▶ [BRIEF] Using the records below, output the stretch that opens with the line containing "Our experienced sales" and closes with the line containing "So here's the", exactly and including both lines, with nothing more.

▶ [GIVEN RECORDS]
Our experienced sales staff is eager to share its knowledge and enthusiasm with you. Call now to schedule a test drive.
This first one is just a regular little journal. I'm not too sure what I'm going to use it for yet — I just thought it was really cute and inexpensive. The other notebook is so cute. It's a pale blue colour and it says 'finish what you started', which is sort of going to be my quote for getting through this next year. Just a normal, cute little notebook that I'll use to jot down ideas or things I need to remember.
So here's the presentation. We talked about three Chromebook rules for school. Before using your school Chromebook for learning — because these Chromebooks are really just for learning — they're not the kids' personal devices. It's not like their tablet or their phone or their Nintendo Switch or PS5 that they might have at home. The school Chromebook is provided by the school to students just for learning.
...
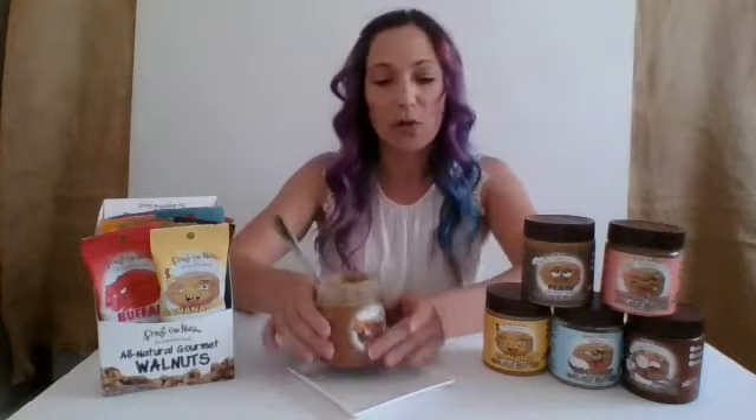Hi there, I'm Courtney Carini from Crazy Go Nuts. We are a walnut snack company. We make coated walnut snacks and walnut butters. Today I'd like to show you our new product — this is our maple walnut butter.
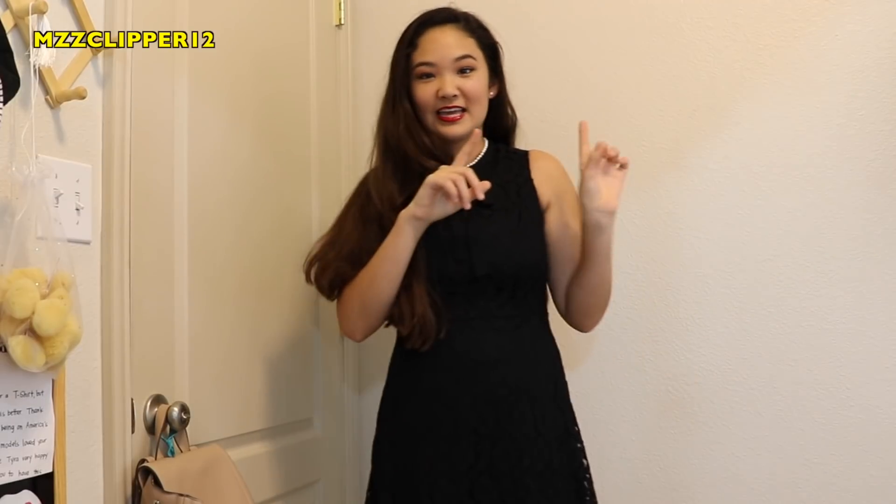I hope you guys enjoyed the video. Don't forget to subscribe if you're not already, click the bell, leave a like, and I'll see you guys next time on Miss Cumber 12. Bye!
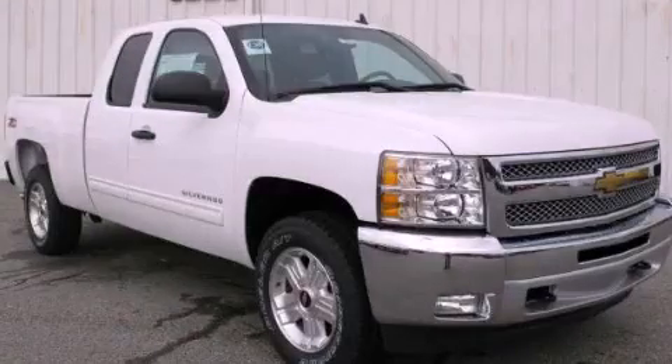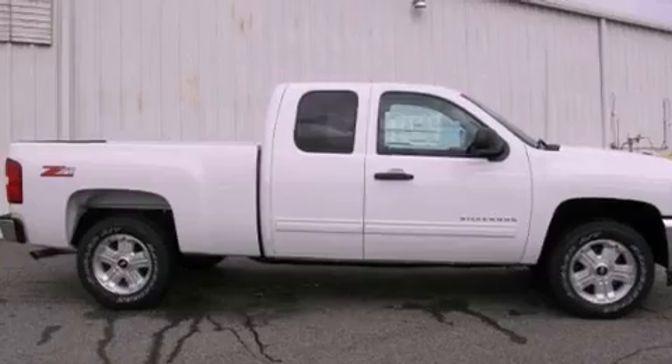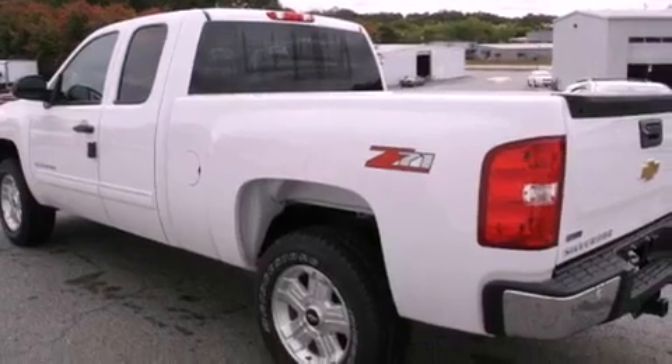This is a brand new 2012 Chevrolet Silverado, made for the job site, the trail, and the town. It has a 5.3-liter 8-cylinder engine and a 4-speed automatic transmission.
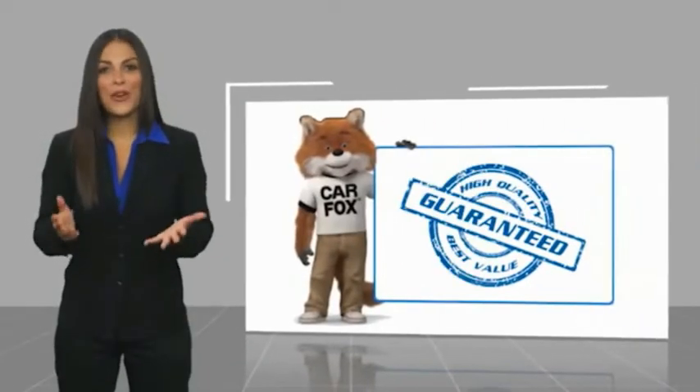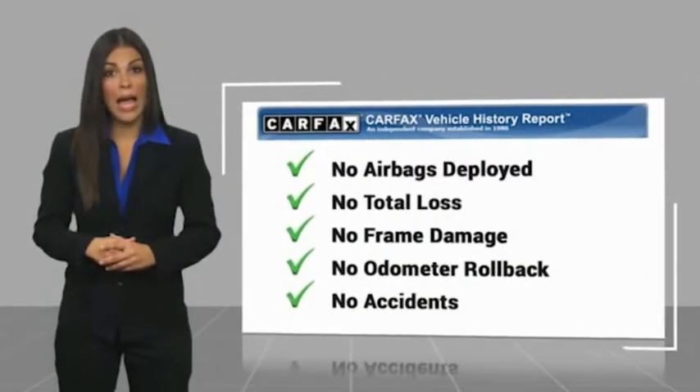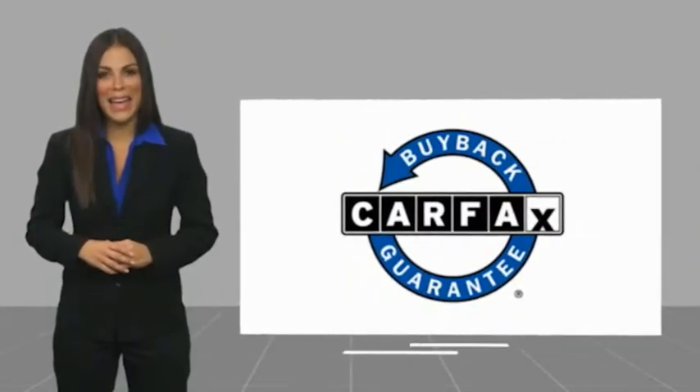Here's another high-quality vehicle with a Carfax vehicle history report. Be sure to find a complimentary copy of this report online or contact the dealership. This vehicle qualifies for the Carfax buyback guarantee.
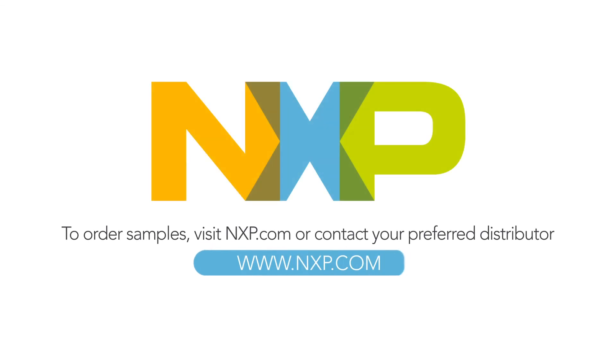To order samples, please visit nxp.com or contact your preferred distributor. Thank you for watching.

▶ [RESULT]
Our experienced sales staff is eager to share its knowledge and enthusiasm with you. Call now to schedule a test drive.
This first one is just a regular little journal. I'm not too sure what I'm going to use it for yet — I just thought it was really cute and inexpensive. The other notebook is so cute. It's a pale blue colour and it says 'finish what you started', which is sort of going to be my quote for getting through this next year. Just a normal, cute little notebook that I'll use to jot down ideas or things I need to remember.
So here's the presentation. We talked about three Chromebook rules for school. Before using your school Chromebook for learning — because these Chromebooks are really just for learning — they're not the kids' personal devices. It's not like their tablet or their phone or their Nintendo Switch or PS5 that they might have at home. The school Chromebook is provided by the school to students just for learning.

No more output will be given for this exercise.